One of the development groups here is developing a system which needs
more than 20 files open per process. I believe I have to change the
value of NOFILE in param.h and the value of _NFILE in stdio.h.

Does anyone know if there is any other changes that have to be made? Will
making this change cause any serious problems? Any help anyone can offer
will be appreciated. Thanks.
				Jim Roche
				Computer Consoles Inc.
				seismo!rochester!ritcv!ccieng5!jjr

sdyer@bbncca.ARPA (Steve Dyer) (11/19/83)

What you describe (increasing NOFILE and _NFILE) should work just
fine.  At BBN, we routinely run with NOFILE set to 40 (needed for some
network monitoring programs.) You might want to increase NINODE and
NFILE in param.h, too, if many programs are going to take advantage of
this--otherwise, don't bother.

Steve Dyer
decvax!bbncca!sdyer
sdyer@bbncca

dbj.rice%rand-relay@sri-unix.UUCP (11/20/83)

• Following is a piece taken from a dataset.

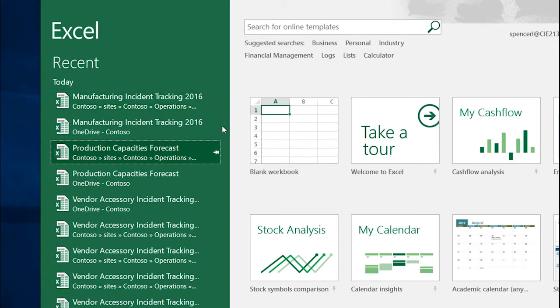Now you can have quick access to your favorite documents without searching the recent files list or having to browse out to a folder.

From:  Dave Johnson <dbj.rice@rand-relay>

Under 4.1bsd, you can not make NOFILE greater than 31 thanks to the vread
and vwrite system calls.  In the page table entry for a vread page, there
is a 5-bit wide field called pg_fileno which is set to the file descriptor
number that the page is mapped from.  That is the meaning of the comment:

    #define	NOFILE	20		/* max open files per process */
    /* NOFILE MUST NOT BE >= 31; SEE pte.h */

from param.h where NOFILE is defined.

                                        Dave Johnson
                                        Dept. of Math Science
                                        Rice University
                                        dbj.rice@CSNet-Relay

msc@qubix.UUCP (Mark Callow) (11/21/83)

From: Steve Dyer, decvax!bbncca!sdyer
	What you describe (increasing NOFILE and _NFILE) should work just
	fine.  At BBN, we routinely run with NOFILE set to 40 (needed for some
	network monitoring programs.) You might want to increase NINODE and
	NFILE in param.h, too, if many programs are going to take advantage of
	this--otherwise, don't bother.

You do not say what version of Unix you are running.  However I believe
the original question was referring to 4.1bsd.  In the document
"Installing and Operating 4.1bsd" it says that NOFILE cannot be made
greater than 31 because of a bitfield used used in some unspecified data
structure.  It says that they expect this limitation to be removed in
future versions of the system.  However the same limitation is mentioned in
the document "Installing and Operating 4.2bsd".
-- 
	Mark Callow, Saratoga, CA.
	...{decvax,ucbvax,ihnp4}!decwrl!
		      ...{ittvax,amd70}!qubix!msc
	decwrl!qubix!msc@Berkeley.ARPA

chris@umcp-cs.UUCP (11/22/83)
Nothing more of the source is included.